Le scelte iniziali tradiscono le diverse priorità: Italiano schiera l’abito delle grandi occasioni, dalla testa ai piedi, con Skorupski, la coppia Lucumi-Beukema, Ferguson, Freuler e Orsolini tutti titolari. Il monday night con il Napoli di Conte è un pensiero lontano. D’Aversa, invece, tiene fuori Esposito e tanti big per un manipolo di riserve che si sgretola sulle verticali di Ndoye e compagni. Già dopo quarantasette secondi Dallinga consuma la prima chance e, nemmeno un minuto dopo, Orso ne dilapida un’altra: doppio passo e destro fuori di un niente, sotto gli occhi di Spalletti. Il ct è arrivato dalla sua Montaione, mezz’ora scarsa di auto, per vedere da vicino un po’ di azzurrabili. Il ’toc toc’ di Orso alle telecamere, però, è solo rimandato, e nemmeno di molto: al 23’, su cross di Dallinga, il suo piattone sinistro va a segno. Tredicesimo gol stagionale, un altro segnale alla Nazionale. Esplodono gli oltre cinquemila tifosi rossoblù che tra curva e tribuna hanno vestito il Castellani da Dall’Ara. Fin troppo facile sembra il gol di Orsolini, ma è un inganno figlio della colossale superiorità tecnico-tattica in campo. Il Bologna di Italiano è una filiera perfetta dove la palla viaggia dalla difesa all’attacco senza interruzioni. Un copione talmente consolidato che persino Dallinga l’ha imparato. L’olandesino, chiamato ancora una volta a sostituire l’insostituibile Castro, raddoppia con un gioiellino: filtrante di Ndoye, stop a seguire di destro e sempre di destro esterno a togliere il tempo al povero Seghetti. Al 29’ potrebbero già scorrere i titoli di coda. L’Empoli guadagna quasi in ginocchio gli spogliatoi e, al ritorno, capitolo: sei minuti, altra verticale di Odgaard, altra palla in mezzo di Ndoye e Dallinga appoggia a porta vuota.

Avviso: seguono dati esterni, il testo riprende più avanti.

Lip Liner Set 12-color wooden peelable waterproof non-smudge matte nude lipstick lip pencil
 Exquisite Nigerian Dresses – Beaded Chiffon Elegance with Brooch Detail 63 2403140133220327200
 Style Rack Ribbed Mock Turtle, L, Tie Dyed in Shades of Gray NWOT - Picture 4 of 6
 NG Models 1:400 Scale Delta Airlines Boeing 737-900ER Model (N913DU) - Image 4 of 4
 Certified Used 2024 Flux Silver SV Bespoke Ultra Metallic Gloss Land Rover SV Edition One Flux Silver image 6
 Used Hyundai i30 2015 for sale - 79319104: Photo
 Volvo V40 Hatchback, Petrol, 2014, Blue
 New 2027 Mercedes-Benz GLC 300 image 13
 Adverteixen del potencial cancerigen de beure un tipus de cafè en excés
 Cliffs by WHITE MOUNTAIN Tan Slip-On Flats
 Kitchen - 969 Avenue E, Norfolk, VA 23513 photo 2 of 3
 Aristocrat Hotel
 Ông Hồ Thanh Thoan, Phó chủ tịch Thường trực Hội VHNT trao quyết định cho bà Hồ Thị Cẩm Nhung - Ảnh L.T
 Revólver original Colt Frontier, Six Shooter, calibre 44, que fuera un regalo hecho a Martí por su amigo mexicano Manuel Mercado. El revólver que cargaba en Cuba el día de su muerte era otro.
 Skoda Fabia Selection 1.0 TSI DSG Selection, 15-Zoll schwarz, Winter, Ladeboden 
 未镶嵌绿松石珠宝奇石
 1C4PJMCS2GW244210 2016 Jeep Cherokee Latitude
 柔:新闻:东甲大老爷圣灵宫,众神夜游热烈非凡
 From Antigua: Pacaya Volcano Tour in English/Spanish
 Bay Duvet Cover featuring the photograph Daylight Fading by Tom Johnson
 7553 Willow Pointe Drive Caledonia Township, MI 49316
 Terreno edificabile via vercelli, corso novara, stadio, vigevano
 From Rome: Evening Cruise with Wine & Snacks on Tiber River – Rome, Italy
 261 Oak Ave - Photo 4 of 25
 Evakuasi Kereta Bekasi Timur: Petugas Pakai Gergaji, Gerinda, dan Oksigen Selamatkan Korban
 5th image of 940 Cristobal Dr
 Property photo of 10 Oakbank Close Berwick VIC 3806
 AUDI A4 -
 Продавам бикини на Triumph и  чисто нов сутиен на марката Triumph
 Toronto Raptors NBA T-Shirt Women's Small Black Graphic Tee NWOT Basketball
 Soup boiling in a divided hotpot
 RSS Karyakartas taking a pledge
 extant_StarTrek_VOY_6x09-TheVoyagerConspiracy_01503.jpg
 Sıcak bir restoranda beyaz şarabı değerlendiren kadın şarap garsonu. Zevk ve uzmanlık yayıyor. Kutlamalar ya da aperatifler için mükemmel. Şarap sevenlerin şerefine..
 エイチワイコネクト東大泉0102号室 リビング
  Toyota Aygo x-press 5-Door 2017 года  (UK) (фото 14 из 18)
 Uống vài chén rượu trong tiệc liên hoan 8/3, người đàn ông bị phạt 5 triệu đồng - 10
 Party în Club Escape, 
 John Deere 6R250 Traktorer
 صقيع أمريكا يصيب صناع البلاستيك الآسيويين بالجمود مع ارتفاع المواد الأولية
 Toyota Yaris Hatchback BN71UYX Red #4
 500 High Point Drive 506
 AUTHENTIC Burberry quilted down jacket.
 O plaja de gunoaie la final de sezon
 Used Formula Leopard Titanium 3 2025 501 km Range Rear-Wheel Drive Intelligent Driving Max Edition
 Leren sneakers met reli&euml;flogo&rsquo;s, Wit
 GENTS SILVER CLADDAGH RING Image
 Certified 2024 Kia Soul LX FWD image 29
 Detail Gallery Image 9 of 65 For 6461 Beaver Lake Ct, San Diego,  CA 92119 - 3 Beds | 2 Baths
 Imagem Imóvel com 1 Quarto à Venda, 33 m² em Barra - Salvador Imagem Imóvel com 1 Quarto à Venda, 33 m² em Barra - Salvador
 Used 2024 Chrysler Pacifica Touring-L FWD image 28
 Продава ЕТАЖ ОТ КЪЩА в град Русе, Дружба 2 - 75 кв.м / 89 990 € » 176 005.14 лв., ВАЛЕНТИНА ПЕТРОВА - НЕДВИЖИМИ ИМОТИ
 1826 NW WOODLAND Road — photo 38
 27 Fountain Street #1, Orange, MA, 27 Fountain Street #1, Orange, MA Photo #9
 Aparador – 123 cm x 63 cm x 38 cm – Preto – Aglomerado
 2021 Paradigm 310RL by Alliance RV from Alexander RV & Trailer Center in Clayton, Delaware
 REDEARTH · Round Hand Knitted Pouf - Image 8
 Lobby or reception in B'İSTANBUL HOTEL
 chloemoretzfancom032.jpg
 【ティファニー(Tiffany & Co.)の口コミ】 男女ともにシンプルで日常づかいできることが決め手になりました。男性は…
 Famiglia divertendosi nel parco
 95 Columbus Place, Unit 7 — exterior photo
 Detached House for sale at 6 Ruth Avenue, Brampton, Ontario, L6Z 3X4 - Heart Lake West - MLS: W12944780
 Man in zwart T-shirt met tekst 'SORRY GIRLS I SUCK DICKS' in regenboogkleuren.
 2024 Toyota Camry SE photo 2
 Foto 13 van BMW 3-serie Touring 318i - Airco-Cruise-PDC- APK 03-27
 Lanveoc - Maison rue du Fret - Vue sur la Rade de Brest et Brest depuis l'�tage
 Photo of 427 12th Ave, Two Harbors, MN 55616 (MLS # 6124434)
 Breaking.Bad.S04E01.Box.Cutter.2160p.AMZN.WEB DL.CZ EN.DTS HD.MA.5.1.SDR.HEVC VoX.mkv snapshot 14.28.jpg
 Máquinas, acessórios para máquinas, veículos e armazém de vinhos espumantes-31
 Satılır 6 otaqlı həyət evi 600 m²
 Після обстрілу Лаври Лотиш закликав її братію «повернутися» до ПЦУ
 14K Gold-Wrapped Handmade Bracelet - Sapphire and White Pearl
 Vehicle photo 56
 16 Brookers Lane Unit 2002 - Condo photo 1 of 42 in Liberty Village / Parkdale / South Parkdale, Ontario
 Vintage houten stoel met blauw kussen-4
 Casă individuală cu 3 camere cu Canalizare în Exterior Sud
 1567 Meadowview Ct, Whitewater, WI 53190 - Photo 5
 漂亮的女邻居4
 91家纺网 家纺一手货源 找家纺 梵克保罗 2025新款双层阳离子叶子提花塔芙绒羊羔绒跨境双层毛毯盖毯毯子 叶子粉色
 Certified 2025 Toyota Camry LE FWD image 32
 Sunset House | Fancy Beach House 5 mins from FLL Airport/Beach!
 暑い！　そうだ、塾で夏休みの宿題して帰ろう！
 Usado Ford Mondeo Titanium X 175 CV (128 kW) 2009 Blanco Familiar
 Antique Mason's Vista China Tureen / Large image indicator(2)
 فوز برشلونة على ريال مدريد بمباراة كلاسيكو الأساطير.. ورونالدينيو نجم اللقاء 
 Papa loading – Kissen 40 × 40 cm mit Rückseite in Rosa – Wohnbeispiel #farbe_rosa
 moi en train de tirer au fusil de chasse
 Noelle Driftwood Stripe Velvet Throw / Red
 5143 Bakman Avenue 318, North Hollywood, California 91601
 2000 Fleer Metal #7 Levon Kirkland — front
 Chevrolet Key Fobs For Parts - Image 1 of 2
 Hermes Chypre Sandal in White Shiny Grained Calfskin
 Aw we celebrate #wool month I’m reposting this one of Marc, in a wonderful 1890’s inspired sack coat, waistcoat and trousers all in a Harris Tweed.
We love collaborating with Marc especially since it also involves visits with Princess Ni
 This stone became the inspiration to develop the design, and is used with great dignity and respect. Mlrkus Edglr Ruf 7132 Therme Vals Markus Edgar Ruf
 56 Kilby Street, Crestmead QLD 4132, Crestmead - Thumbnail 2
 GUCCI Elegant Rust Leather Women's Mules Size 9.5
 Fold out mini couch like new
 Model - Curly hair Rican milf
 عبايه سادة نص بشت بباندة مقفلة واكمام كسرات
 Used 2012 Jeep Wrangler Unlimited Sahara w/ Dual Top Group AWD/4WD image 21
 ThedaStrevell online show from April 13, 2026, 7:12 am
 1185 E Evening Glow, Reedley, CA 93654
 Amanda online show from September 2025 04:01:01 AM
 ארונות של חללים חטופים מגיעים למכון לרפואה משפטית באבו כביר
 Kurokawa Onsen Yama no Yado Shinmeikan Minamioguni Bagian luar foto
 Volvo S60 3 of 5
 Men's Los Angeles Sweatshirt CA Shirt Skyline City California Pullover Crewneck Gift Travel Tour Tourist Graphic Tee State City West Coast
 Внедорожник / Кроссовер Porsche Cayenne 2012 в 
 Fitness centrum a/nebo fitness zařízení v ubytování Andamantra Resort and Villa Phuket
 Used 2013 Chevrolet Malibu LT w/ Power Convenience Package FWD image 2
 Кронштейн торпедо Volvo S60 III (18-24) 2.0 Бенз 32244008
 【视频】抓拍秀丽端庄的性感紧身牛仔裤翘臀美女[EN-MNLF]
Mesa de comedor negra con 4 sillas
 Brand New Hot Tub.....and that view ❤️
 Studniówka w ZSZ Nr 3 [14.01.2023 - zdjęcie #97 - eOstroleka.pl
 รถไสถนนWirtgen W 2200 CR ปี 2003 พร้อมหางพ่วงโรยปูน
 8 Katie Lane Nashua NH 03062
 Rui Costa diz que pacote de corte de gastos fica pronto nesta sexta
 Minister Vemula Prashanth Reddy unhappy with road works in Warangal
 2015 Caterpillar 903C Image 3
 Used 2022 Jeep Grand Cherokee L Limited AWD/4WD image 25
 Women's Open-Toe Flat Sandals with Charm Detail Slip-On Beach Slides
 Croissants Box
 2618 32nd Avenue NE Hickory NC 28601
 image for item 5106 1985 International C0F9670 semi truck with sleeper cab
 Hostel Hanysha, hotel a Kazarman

E mentre i tifosi cominciano a scorrere gli hotel per il 14 maggio sul telefonino, il Bologna va più volte vicino al 4-0: un bel tiro di Miranda, un colpo di testa di Dallinga parato sulla riga e un palo di Cambiaghi. L’Empoli è soltanto in un tiro in spaccata di Gyasi che fa tremare Skorupski. Fine dei giochi. La curva esalta Vincenzo Italiano, l’uomo che ha replicato l’impossibile. Un anno fa il Bologna inseguiva una Champions che mancava da sessant’anni: adesso rivede una finale di Coppa Italia dimenticata in qualche vecchio cassetto.